■ Task item ■
Could you give back every record below exactly, leaving out the pictures?
** Opening The input block **
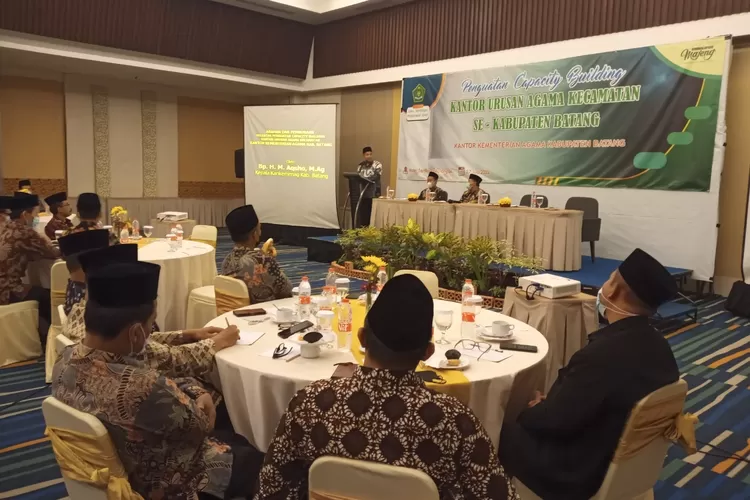 Para penghulu Batang ikuti Penguatan Capacity Building di Batang, Rabu 27 Juli 2022. Foto: Muslihun kontrinutor Batang.&nbsp;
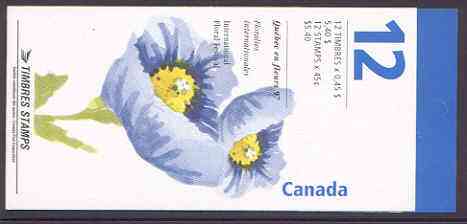 Canada 1997 Quebec in Bloom  $5.40 booklet complete and pristine, SG SB213, stamps on , stamps on  stamps on flowers, stamps on poppy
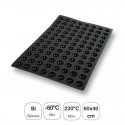 Molde Os Mini Semiesferas 96 Cavidades Silicone Black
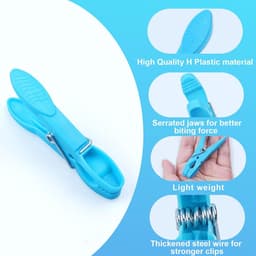 Wasknijpers - wasknijpers klein - Knijpers - handdoekclips - 48 stuks - Handdoekknijpers - sokken clips - sokkenclips - wasknijpers kunststof - wasknijpers plastic - 7.3*1.05*3CM - Multicolor — thumbnail 2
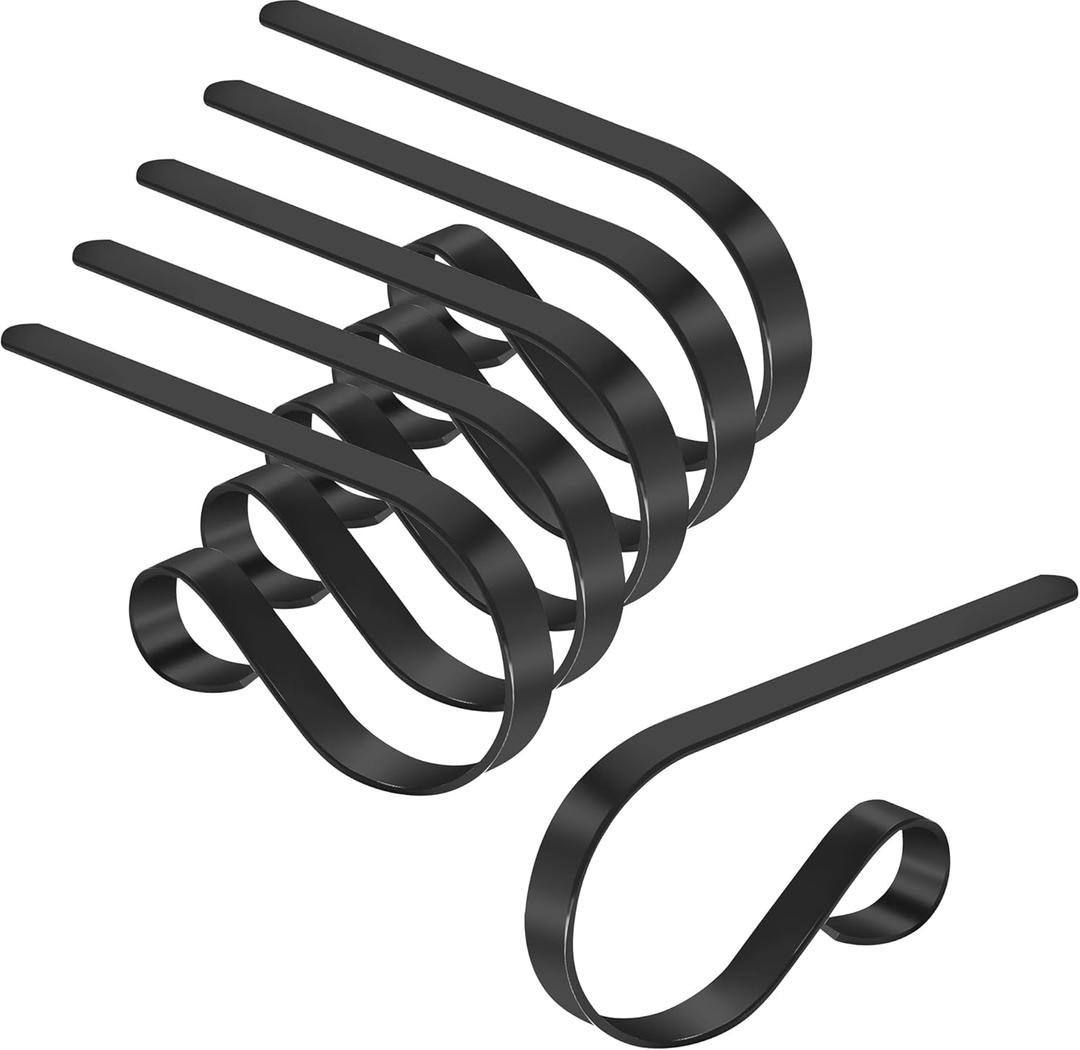 Christmas Stocking Holder Hanger,6 Pack Adjustable Stocking Holders for Mantle and Fireplace Metal Decoration for Xmas Holiday Party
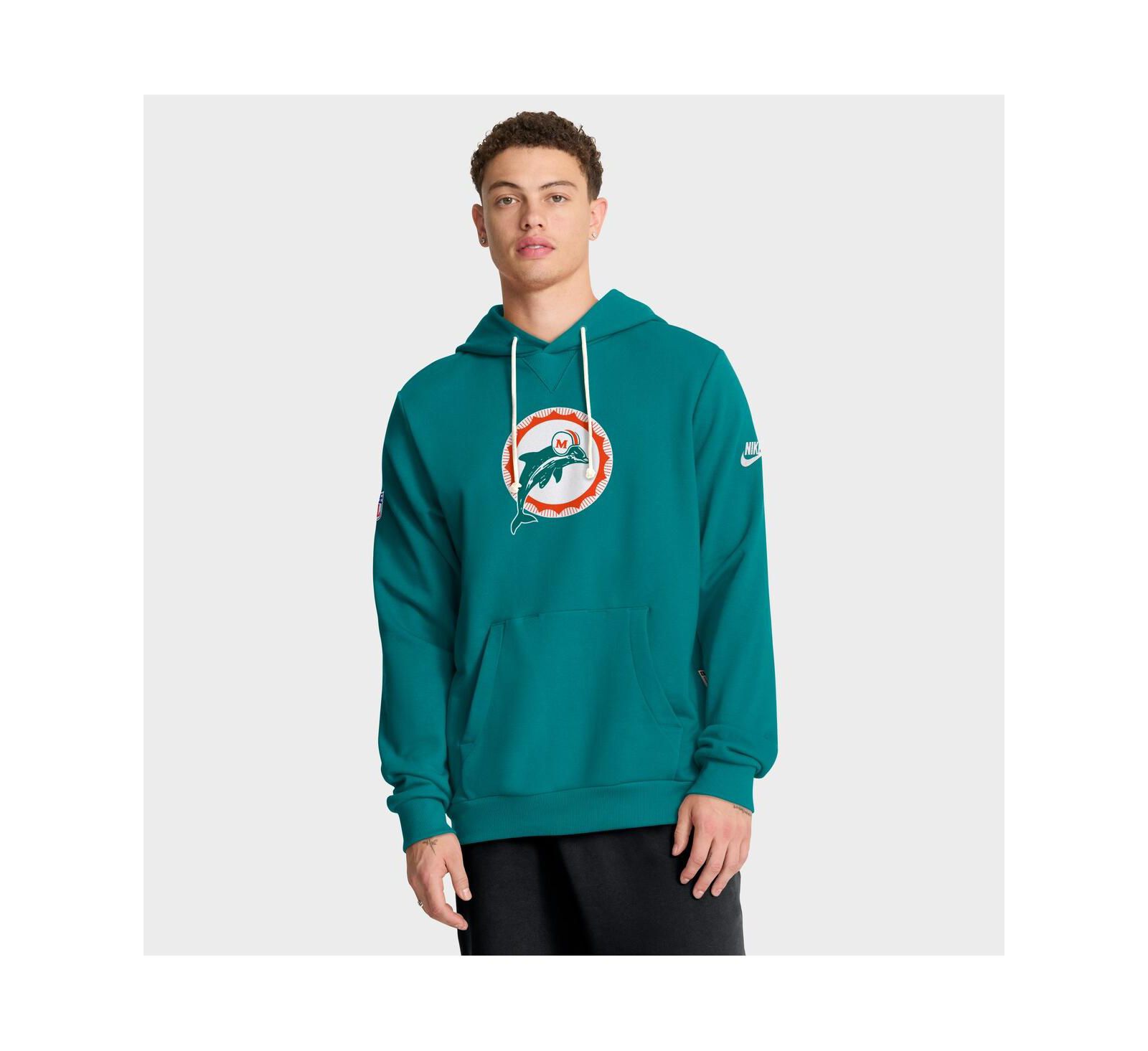 Мужское худи Nike Miami Dolphins Sideline Offensive Set Play Performance с капюшоном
** Closing The input block **
■ Completed task ■
 Para penghulu Batang ikuti Penguatan Capacity Building di Batang, Rabu 27 Juli 2022. Foto: Muslihun kontrinutor Batang.&nbsp;
 Canada 1997 Quebec in Bloom  $5.40 booklet complete and pristine, SG SB213, stamps on , stamps on  stamps on flowers, stamps on poppy
 Molde Os Mini Semiesferas 96 Cavidades Silicone Black
 Wasknijpers - wasknijpers klein - Knijpers - handdoekclips - 48 stuks - Handdoekknijpers - sokken clips - sokkenclips - wasknijpers kunststof - wasknijpers plastic - 7.3*1.05*3CM - Multicolor — thumbnail 2
 Christmas Stocking Holder Hanger,6 Pack Adjustable Stocking Holders for Mantle and Fireplace Metal Decoration for Xmas Holiday Party
 Мужское худи Nike Miami Dolphins Sideline Offensive Set Play Performance с капюшоном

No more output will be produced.